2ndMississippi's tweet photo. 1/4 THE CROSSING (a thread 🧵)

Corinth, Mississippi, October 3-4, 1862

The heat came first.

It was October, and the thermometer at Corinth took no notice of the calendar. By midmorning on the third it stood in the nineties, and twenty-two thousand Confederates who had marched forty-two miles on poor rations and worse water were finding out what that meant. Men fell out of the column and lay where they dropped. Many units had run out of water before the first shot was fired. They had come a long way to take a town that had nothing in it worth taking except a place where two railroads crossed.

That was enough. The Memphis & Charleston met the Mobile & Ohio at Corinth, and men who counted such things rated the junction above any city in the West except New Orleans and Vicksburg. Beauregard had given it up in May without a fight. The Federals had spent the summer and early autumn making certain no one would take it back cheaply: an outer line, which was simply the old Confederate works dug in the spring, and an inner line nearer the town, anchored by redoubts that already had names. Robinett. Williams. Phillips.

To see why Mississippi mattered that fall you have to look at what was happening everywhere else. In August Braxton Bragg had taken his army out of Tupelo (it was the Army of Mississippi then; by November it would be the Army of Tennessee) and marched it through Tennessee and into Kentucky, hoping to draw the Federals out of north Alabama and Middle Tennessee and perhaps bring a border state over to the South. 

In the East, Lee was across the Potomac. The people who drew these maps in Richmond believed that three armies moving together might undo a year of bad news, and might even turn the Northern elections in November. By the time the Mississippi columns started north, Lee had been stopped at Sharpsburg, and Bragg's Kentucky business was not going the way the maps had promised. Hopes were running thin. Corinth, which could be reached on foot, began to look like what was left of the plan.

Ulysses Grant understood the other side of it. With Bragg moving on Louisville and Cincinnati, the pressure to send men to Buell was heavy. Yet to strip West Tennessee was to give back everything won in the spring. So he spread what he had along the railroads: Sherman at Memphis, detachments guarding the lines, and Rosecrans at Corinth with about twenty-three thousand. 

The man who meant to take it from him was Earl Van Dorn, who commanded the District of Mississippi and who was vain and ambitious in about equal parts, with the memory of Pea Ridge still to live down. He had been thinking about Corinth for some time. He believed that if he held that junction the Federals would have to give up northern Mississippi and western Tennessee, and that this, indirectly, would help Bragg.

***

> [TO DO] Your task is to restate every record word for word.

> [ANSWER BOX]
2ndMississippi's tweet photo. 1/4 THE CROSSING (a thread 🧵)

Corinth, Mississippi, October 3-4, 1862

The heat came first.

It was October, and the thermometer at Corinth took no notice of the calendar. By midmorning on the third it stood in the nineties, and twenty-two thousand Confederates who had marched forty-two miles on poor rations and worse water were finding out what that meant. Men fell out of the column and lay where they dropped. Many units had run out of water before the first shot was fired. They had come a long way to take a town that had nothing in it worth taking except a place where two railroads crossed.

That was enough. The Memphis & Charleston met the Mobile & Ohio at Corinth, and men who counted such things rated the junction above any city in the West except New Orleans and Vicksburg. Beauregard had given it up in May without a fight. The Federals had spent the summer and early autumn making certain no one would take it back cheaply: an outer line, which was simply the old Confederate works dug in the spring, and an inner line nearer the town, anchored by redoubts that already had names. Robinett. Williams. Phillips.

To see why Mississippi mattered that fall you have to look at what was happening everywhere else. In August Braxton Bragg had taken his army out of Tupelo (it was the Army of Mississippi then; by November it would be the Army of Tennessee) and marched it through Tennessee and into Kentucky, hoping to draw the Federals out of north Alabama and Middle Tennessee and perhaps bring a border state over to the South. 

In the East, Lee was across the Potomac. The people who drew these maps in Richmond believed that three armies moving together might undo a year of bad news, and might even turn the Northern elections in November. By the time the Mississippi columns started north, Lee had been stopped at Sharpsburg, and Bragg's Kentucky business was not going the way the maps had promised. Hopes were running thin. Corinth, which could be reached on foot, began to look like what was left of the plan.

Ulysses Grant understood the other side of it. With Bragg moving on Louisville and Cincinnati, the pressure to send men to Buell was heavy. Yet to strip West Tennessee was to give back everything won in the spring. So he spread what he had along the railroads: Sherman at Memphis, detachments guarding the lines, and Rosecrans at Corinth with about twenty-three thousand. 

The man who meant to take it from him was Earl Van Dorn, who commanded the District of Mississippi and who was vain and ambitious in about equal parts, with the memory of Pea Ridge still to live down. He had been thinking about Corinth for some time. He believed that if he held that junction the Federals would have to give up northern Mississippi and western Tennessee, and that this, indirectly, would help Bragg.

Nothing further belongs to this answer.